The collector used was PAX at dosages of 10, 20, and 30 grams/ton with frother always being a polypropylene glycol methyl ether of molecular weight 250 at 15 grams/ton. The pH of the flotation was held constant at 9.5 using lime. Time cuts of concentrate were taken using a batch Wemco flotation cell with an automated paddle removal device at 30 seconds, 1, 2, 4, 8, and 16 minutes.
Table 3 lists the overall R and K values measured for the total flotation feed run under each condition. This data, when graphed, is similar to that shown in Figure 2 given earlier.

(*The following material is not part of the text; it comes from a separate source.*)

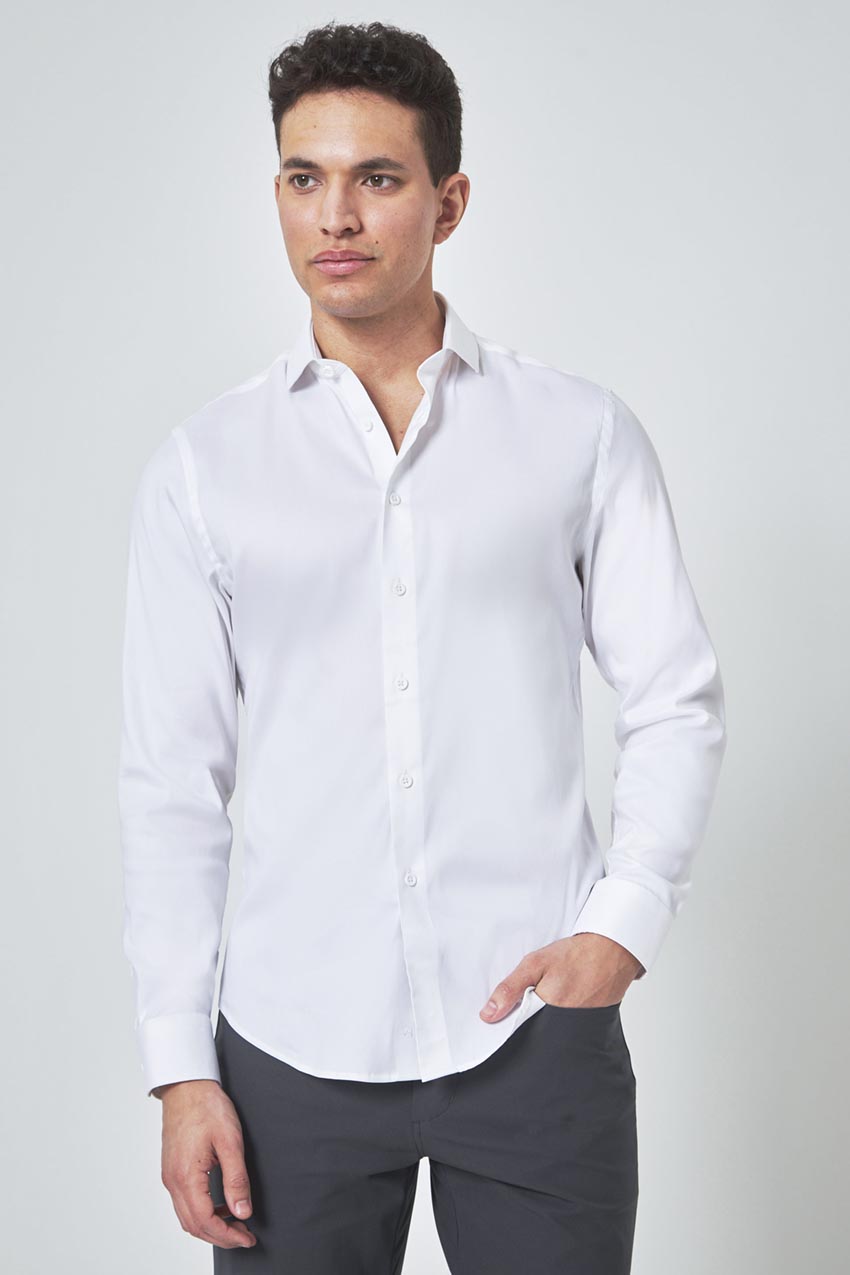 Modern Ambition Suitable PerformLuxe Cotton Nylon Twill Slim-Fit Shirt in White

It can be seen in Table 3 with both grinds that increasing the collector dosage increases the associated equilibrium recovery R in all cases. Thus, if one had very ample flotation cell capacity and flotation time was not a factor, then increasing collector dosage would always increase observed plant recovery. As has been discussed elsewhere, this is not what happens in most optimized plants. This is true because it only makes economic sense to push throughput upward (and/or to reduce flotation time) to a point where differences in flotation kinetics under various operating conditions start to affect the observed plant results. In other words, the goal of a plant operator maximizing throughput is essentially to identify what operating conditions causes the loss of overall flotation kinetics so as to finally limit the circuit throughput.